## [GIVEN DATA]
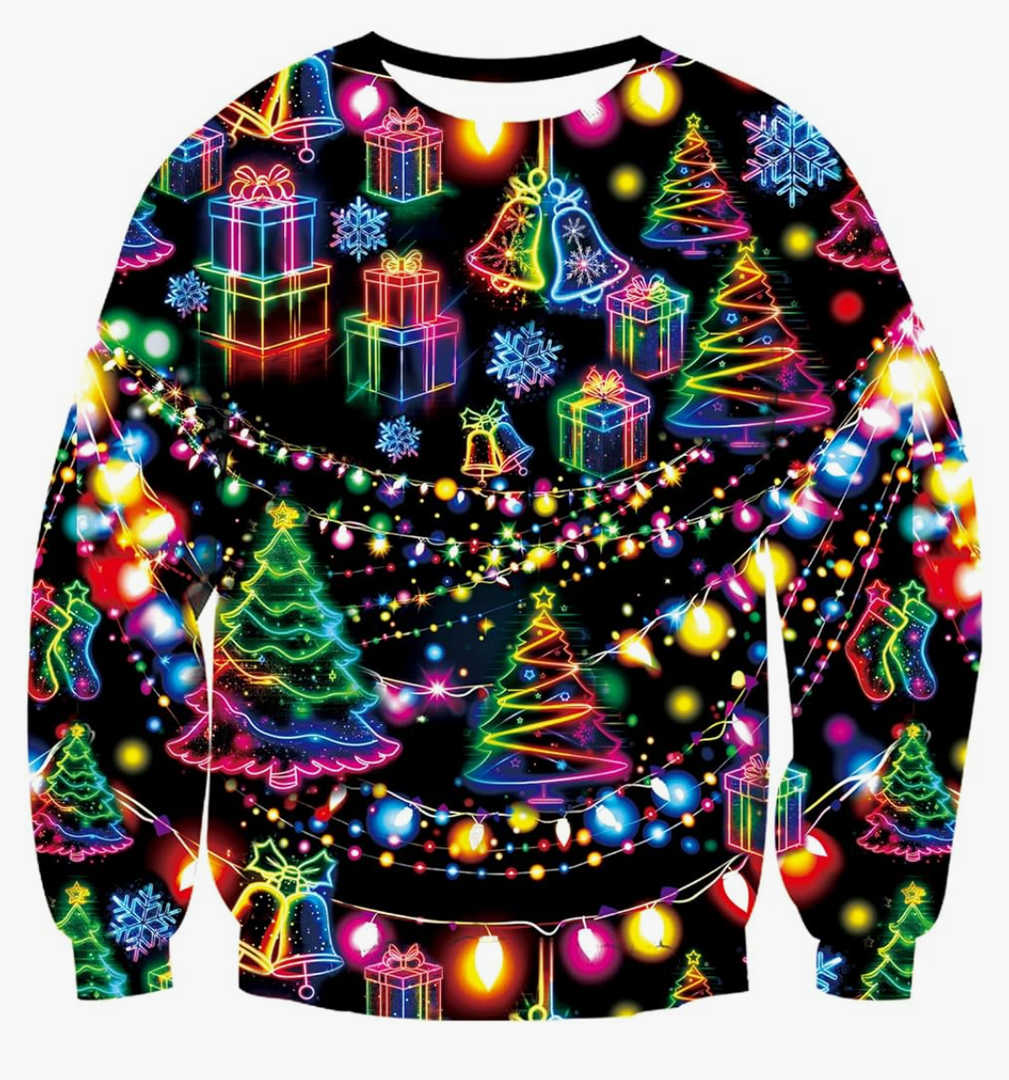 Mens Ugly Christmas Sweater Novelty 3D Graphic Long Sleeve Junior Xmas Sweatshirt Size XXL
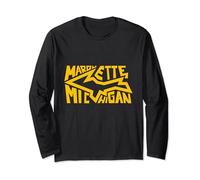 Unique Marquette Michigan Upper Peninsula Yellow Map Long Sleeve T-Shirt
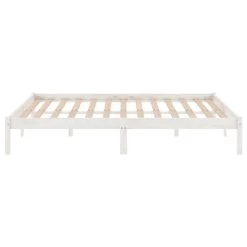 Cadre De Lit Blanc Bois De Pin Massif 150x200 Cm Natura -Magasin De Meubles De Chambre À Coucher cadre de lit blanc bois de pin massif 150x200 cm natura 3666722139489 1314351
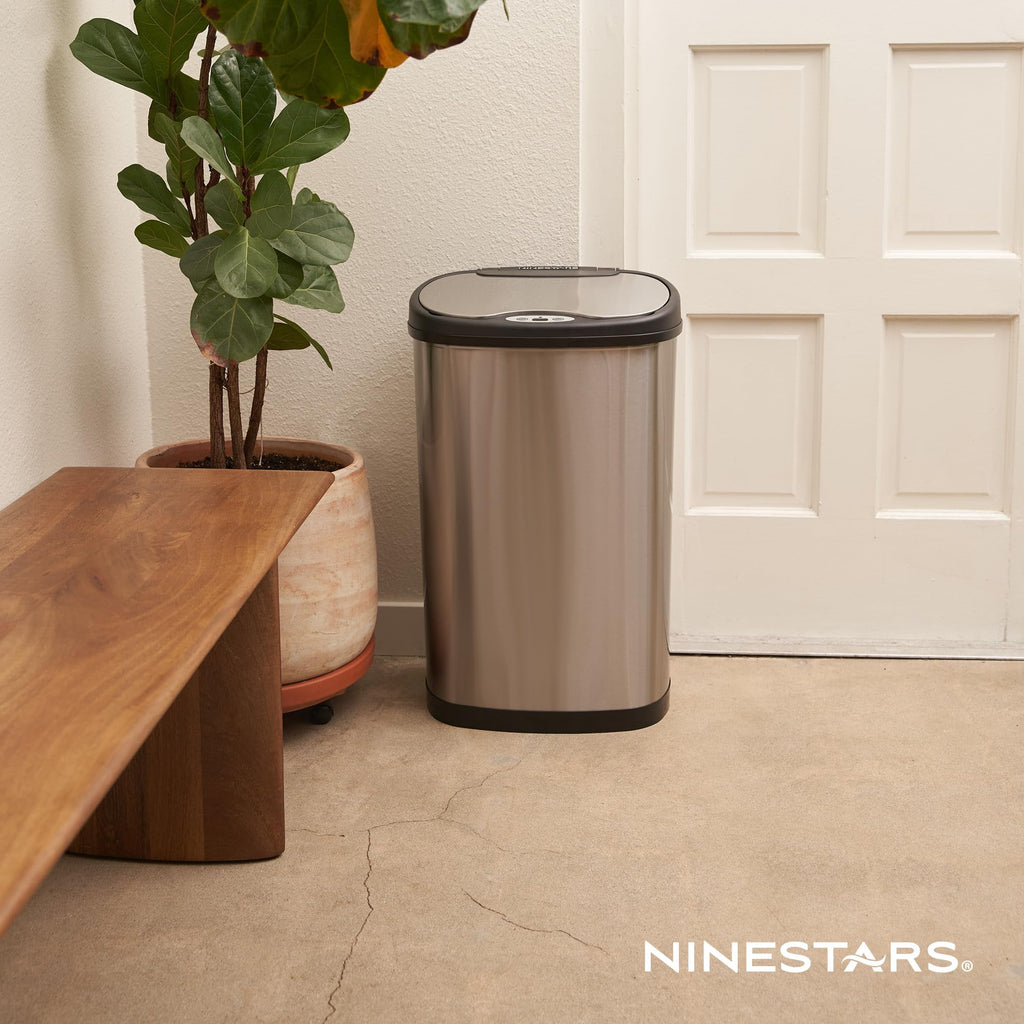 13 Gallon Oval Automatic Trash Can, 50L Stainless Steel C20531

## [YOUR OBJECTIVE]
Beginning with the line that holds "natura 3666722139489 1314351", write out exactly the lines down to the end of the material above, and no others. Pictures are not part of the copy.

## [RESPONSE AREA]
 Cadre De Lit Blanc Bois De Pin Massif 150x200 Cm Natura -Magasin De Meubles De Chambre À Coucher cadre de lit blanc bois de pin massif 150x200 cm natura 3666722139489 1314351
 13 Gallon Oval Automatic Trash Can, 50L Stainless Steel C20531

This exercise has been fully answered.